Contrairement aux autres éditeurs de l’époque, il a été très peu passionné par les Guerres de Vendée en 1793 et il n’apparaît pas solidaire avec les combattants Vendéens. Il a consacré à ce sujet : la statue du général républicain Travot (N°60) place du marché à La Roche-sur-Yon et surtout le champ des Clouzeaux où est mort le général républicain Haxo (et il est le seul à voir pris ce cliché, N°53). De plus il vient aux Lucs-sur-Boulogne et sur le site du martyre du Petit-Luc, mais il y édite une carte intitulée « La chapelle », qui ne représente en réalité que la ferme voisine ! (N°24)
Le pré des Clouzeaux (N°53).
Jusqu’au N°19 il commence par classer ses clichés en plusieurs séries différentes : les alentours de Bournezeau - Chantonnay, les environs de Champagné-les-marais et La Roche-sur-Yon. C’est cette dernière catégorie qu’il poursuivra finalement, en y incluant désormais tout le département. Cette numérotation unique ne dépasse pas, à notre connaissance, le numéro 718 (avec une exception au N° 763, peut être une erreur de chiffre), qui est atteint vers l’année 1908. Ce qui fait que son œuvre en matière de cartes postales se concentre en réalité sur seulement cinq années. Dans ce domaine, cela constitue une carrière assez courte, en tous cas moins longue que celles de ses collègues du département. Il se contentera ensuite, jusqu’à la première guerre mondiale de 1914, de commercialiser les clichés précédemment réalisés.
La carte N° 1 : le château du Thiboeuf.
En plus des clichés photographiques faits par ses soins, il commercialise aussi dans sa collection « La Vendée pittoresque » des photos (celles de qualité) qu’il rachète souvent à ses collègues résidant sur place. Lucien Amiaud des Sables d’Olonne, Eugène Poupin de Mortagne-sur-Sèvre, Armand Robin de Fontenay-le-Comte, Victor Gouraud de Luçon, Robin (Papineau) de Chantonnay, Jules Denis de Clisson etc….
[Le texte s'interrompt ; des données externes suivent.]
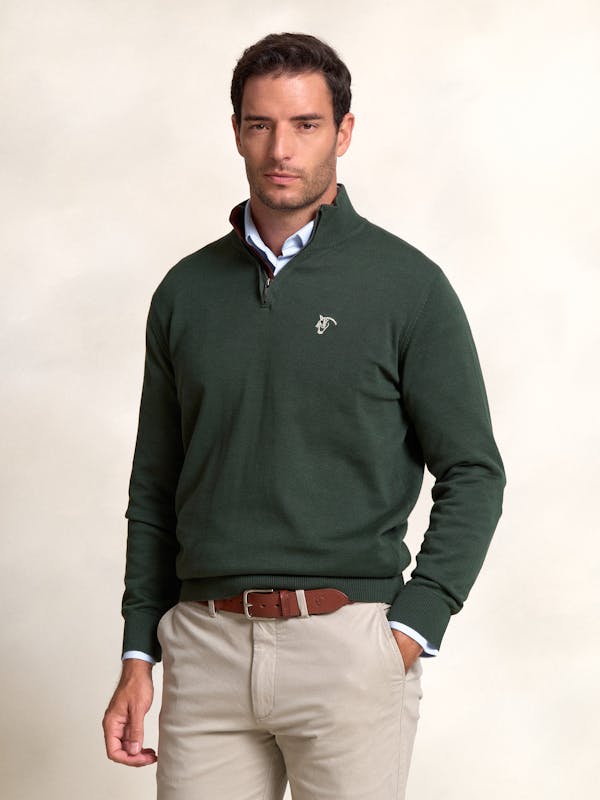 Brand Half-Zip Sweater | Abeto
Une rue de Chantonnay, cliché Robin (N°353)
Au moment de la première guerre mondiale, en raison de son âge et de sa réforme, il n’est pas appelé aux combats mais il est tout de même incorporé à l’arrière le 21 mai 1915 et employé à des tâches à caractère commercial ou industriel, entre des périodes de sursis d’appel. Il s’installe alors à Paris 33 rue des Bois (19ème arrondissement) le 11 mai 1915. Il quitte ainsi définitivement La Vendée et ne reviendra pas s’y réinstaller. Il n’éditera plus de cartes postales. La suite de sa vie ne nous est pas connue. Il est mort à Mantes-la-jolie le 12 mars 1956.
Le Régiment devant son magasin à la veille de la guerre (N°704).
La collection « Le Vendée Pittoresque » va lui survivre quelques années. Plusieurs photographes vont continuer à l’alimenter en poursuivant la même liste des numéros, mais avec des caractères d’imprimerie différents. Puis Eugène Poupin la prend en charge jusqu’à sa propre mort en 1917 et la lègue à son gendre Victor Jehly (Jehly-Poupin), qui s’en sert pour faire beaucoup de retirages successifs au-delà de la première guerre mondiale.